Je veux fixer ici pour toi nos trois portraits, le mien tel que je suis à quarante ans dans l’ombre que modèle une humble lampe au mois de Mars de l’an 1909 : Sous des sourcils indociles mon masque un peu lourd se creuse autour d’yeux qui semblent comme ceux des chats avoir pris leur lueur de cul-de-bouteille aux vieilles petites vitres bosselées de la Province. Sous le lorgnon miroitant de myope, qui enfourche obliquement un nez plutôt fort et busqué dont le bout s’abaisse parfois en s’arrondissant pour aspirer quelque ironie que lance la bouche sensuelle, ces yeux sont tantôt d’une grande dureté, tantôt d’une grande douceur. De la colère au calme ils passent sans transition et leurs ondes rident ou aplanissent le front un peu fuyant plus apte à refléter des images qu’à mouler des pensées. Les oreilles moyennes s’enroulent simplement. Les cheveux qui grisonnent et s’éclaircissent et les crins emmêlés de la barbe noire et blanche n’ont pas de beauté : seuls les yeux et les mains. Depuis peu le corps s’est beaucoup élargi : un homme qui accepte enfin d’être tel qu’il a été pétri. Il a assez souffert, assez aimé, assez prié pour renoncer peu à peu à toute grâce qui n’est point divine, le père de Bernadette.

Ta mère, à vingt-six ans, est une grosse rose dont les joues supportent comme deux hannetons les yeux qui semblent bourdonner et s’envoler. Son double petit menton, vu de profil, est assez d’un Louis XIV, et sa bouche, sous le nez large mais bien fait, a la forme d’un chapeau de polichinelle. Le sourire découvre les dents brillantes et petites dont deux plus aiguës en haut ont poussé en avant et de chaque côté. Elle aime et elle rit de tout son cœur qui est d’or et agité au moindre souffle comme celui de la rose. Aucun grain de rosée n’accueille si vite le soleil qu’une de ses larmes le sourire. Sur son chignon un ruban est posé, frère de ce papillon du Brésil qui, au-dessus de la cheminée, luit comme un miroir d’azur. Elle porte ce soir un corsage clair et une robe sombre, elle est assise sur une chaise basse en face du feu et je lui dis : « Ginette, il est temps de prendre ton quinquina. » Elle sort un instant, puis revient et se penche sur ce papier avec tendresse et va se rasseoir. Maintenant fondue dans l’ombre elle babille d’une voix nerveuse qui se fait si chaude pour le chant. J’entends qu’elle dit : « l’air de petits myosotis… il y en a de très fines… » De quoi parle-t-elle ?… cependant que tu dors, ô Bernadette ! toi qu’elle placera comme un bouton de rose sur son cœur qui te nourrit.
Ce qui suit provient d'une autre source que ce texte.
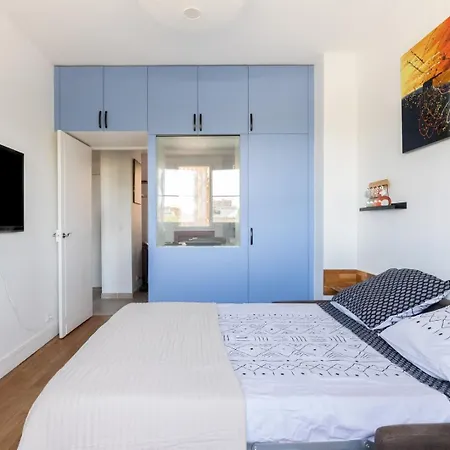 Guestread - Appt Moderne Près Des Batignolles * Parigi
Tout auprès de ta mère il y a une grande ombre, la plus grande du salon, et la flamme éclaire la face de cette ombre et la neige éternelle de ses cheveux et, sur le nez long, très en avant des yeux couleur de lin, s’appuient les cercles d’or qui jadis autour d’autres yeux encadrèrent des choses et des êtres des Antilles.

O Bernadette ! C’est ton aïeule paternelle, c’est de la nuit vivante à genoux devant toi et elle te serre contre son vêtement sombre comme le soir serre une étoile.